__MATERIAL PROVIDED__

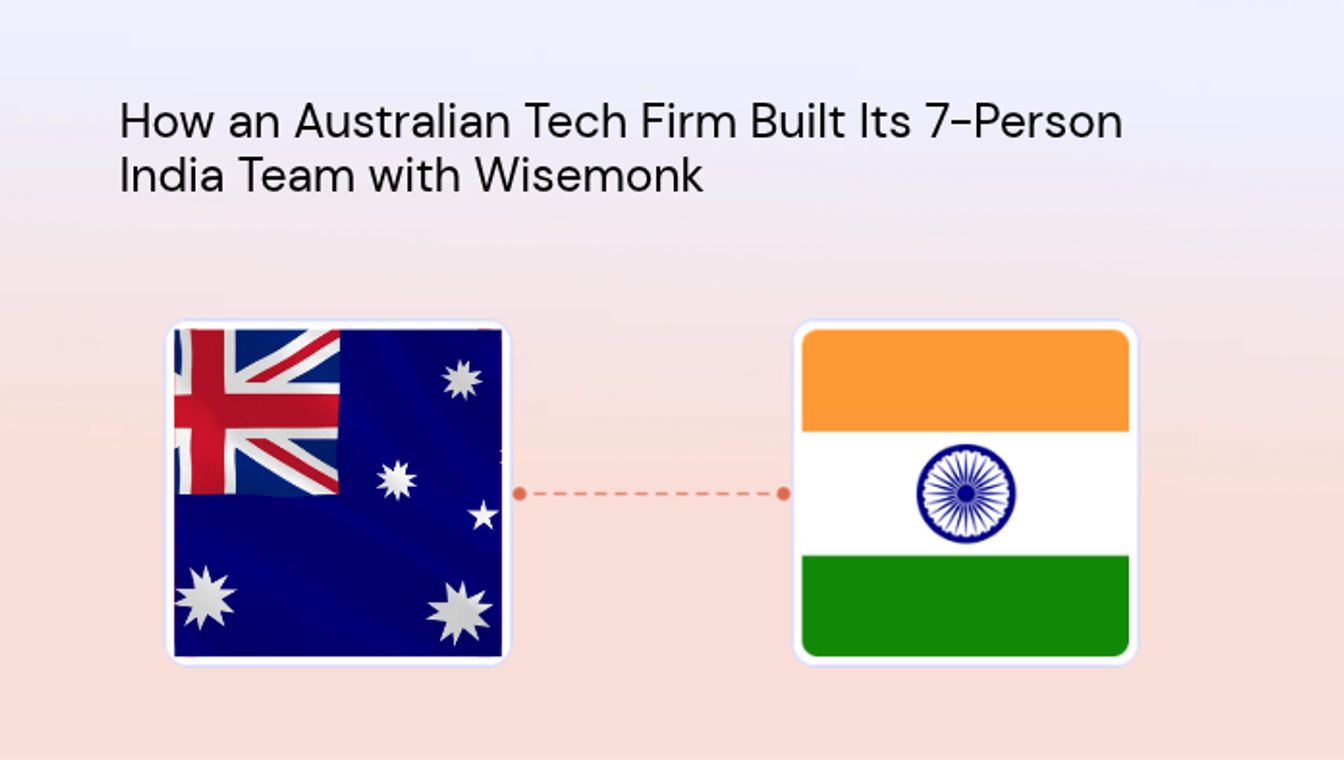 How an Australian Tech Firm Built Its 7-Person India Team with Wisemonk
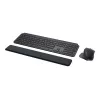 Logitech MX Keys combo for Business Gen 2 teclado e rato incluídos escritório RF Wireless + Bluetooth AZERTY francês grafite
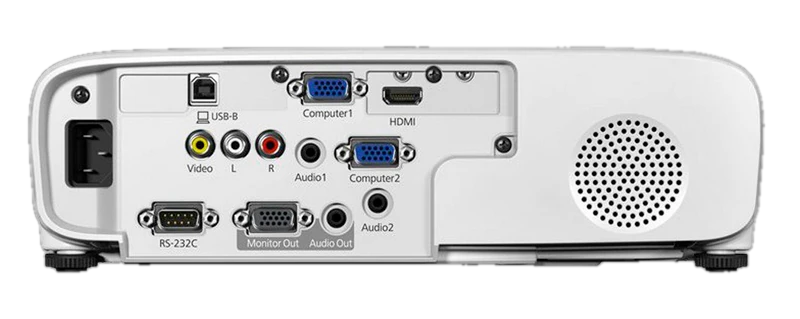 Proyector Epson Powerlite X49, 3600 Lúmenes, 1024x768, Xga, Parlante Monoaural: 5w X 1 — vista 2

__WHAT YOU SHOULD DO__
Every line above is to be given again exactly, apart from the pictures.

__RESPONSE__
 How an Australian Tech Firm Built Its 7-Person India Team with Wisemonk
 Logitech MX Keys combo for Business Gen 2 teclado e rato incluídos escritório RF Wireless + Bluetooth AZERTY francês grafite
 Proyector Epson Powerlite X49, 3600 Lúmenes, 1024x768, Xga, Parlante Monoaural: 5w X 1 — vista 2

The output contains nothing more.